Optimizing low-volume prompts
Spending a careful afternoon on a prompt that runs ten times a day is effort that should have gone to a high-volume prompt instead. Let the intake ranking, not curiosity, decide what you work on.
Treating safety constraints as fair game
Guardrail language is the one category to exclude from compression entirely unless you can prove the behavior holds without it. The few tokens saved are never worth a compliance failure. The deeper risk analysis is in When Shrinking Prompts Quietly Degrades Your Output.
Sequencing the Plays
The plays form a pipeline for a new prompt and a maintenance loop for an existing one.
For a new prompt
Run one through five in order: baseline, harvest, surgical, stage, fallback. Then hand off to play six, which runs forever.
For an existing prompt
Start with the trigger that fired. A latency complaint sends you to play two or three. A model upgrade sends you straight to play six's re-validation step. Let the trigger, not the sequence number, decide your entry point.
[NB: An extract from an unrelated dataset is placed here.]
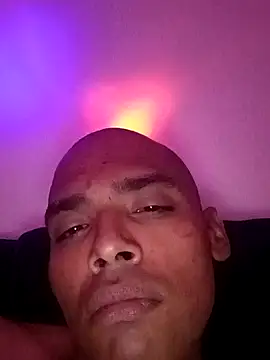 Snapshot of bigdickfriends chatting on April 2026 02:48:02 PM bigdickfriends online show from April 2026 02:48:02 PM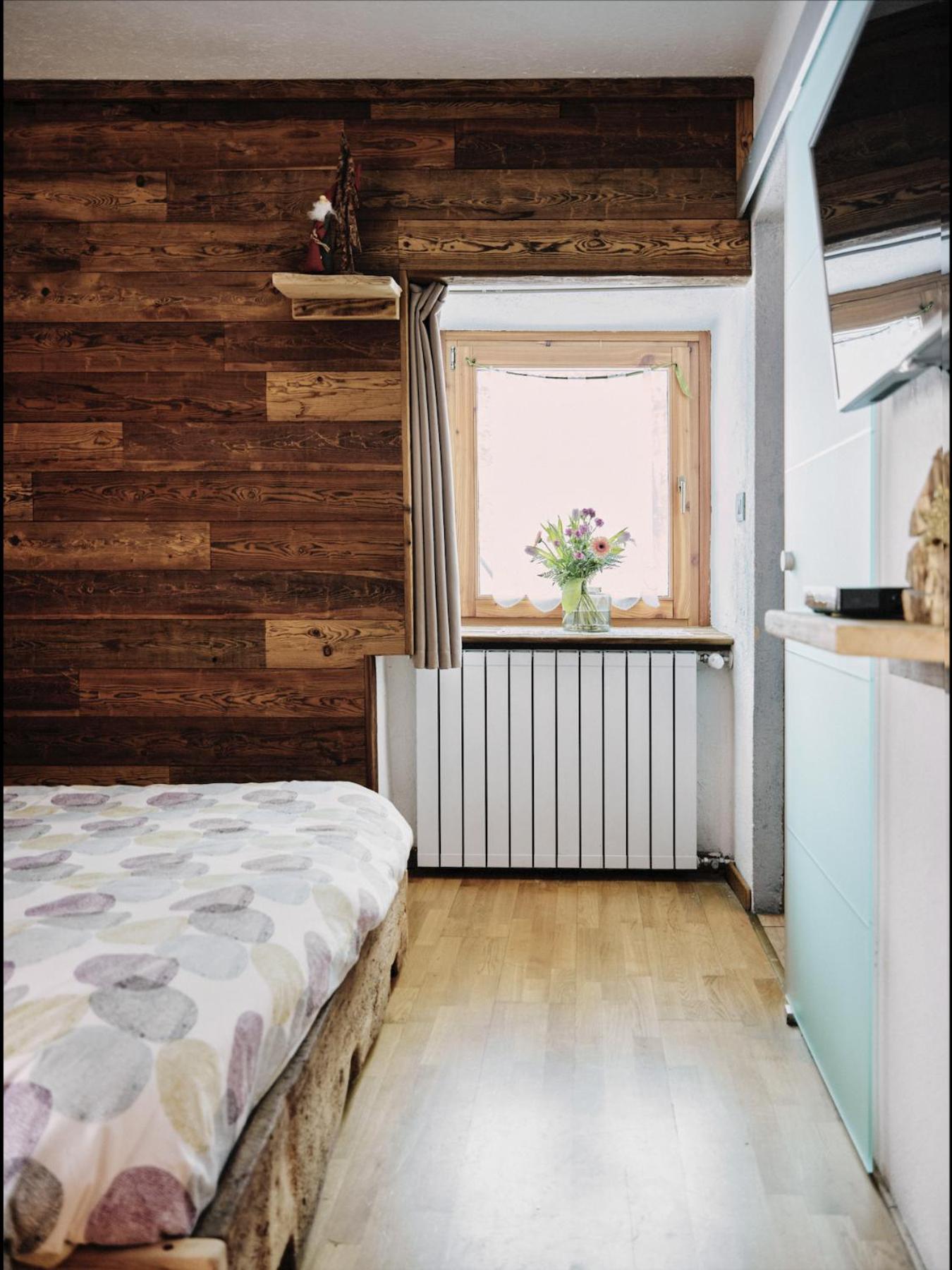 Three-Bedroom House photo 1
Frequently Asked Questions
Do I have to run every play on every prompt?
No. The triggers decide. A low-volume prompt may never get past play one, and that is correct. The plays exist so that when a trigger fires you know exactly what to do, not so that you run all of them mechanically on everything.
Who should own the playbook overall?
A single prompt steward or small guild should own the standard and the drift-guarding play, while individual engineers own the compression of their own prompts. Splitting ownership this way keeps the system maintained without making one person a bottleneck for every change.
How long does running the full pipeline take for one prompt?
The obvious-bloat play is often an afternoon. The surgical play can take days because each cut needs its own measurement. Staging adds calendar time but little effort. Budget the bulk of your time for play three, which is where the careful, slow work lives.
What triggers a re-run on an already-compressed prompt?
A model change, a noticeable shift in your input distribution, a latency or cost complaint, or a failed drift check. Any of these sends you back into the pipeline at the relevant play rather than starting over from scratch.
How do I keep the playbook itself from going stale?
Review it whenever a play repeatedly fails to catch a problem, or when a new model class changes what safe compression looks like. The playbook is a living document; update it from the incidents it misses.
Key Takeaways
- A playbook tells you which compression move to run, when, and who owns it, not just how.
- Always establish a measured baseline before compressing anything.
- Harvest obvious bloat first, then move to slow, surgical, one-change-at-a-time compression.
- Stage rollouts and keep a verbose fallback so failures stay contained and reversible.
- Run the drift-guarding play continuously, because drift quietly reverses every other gain.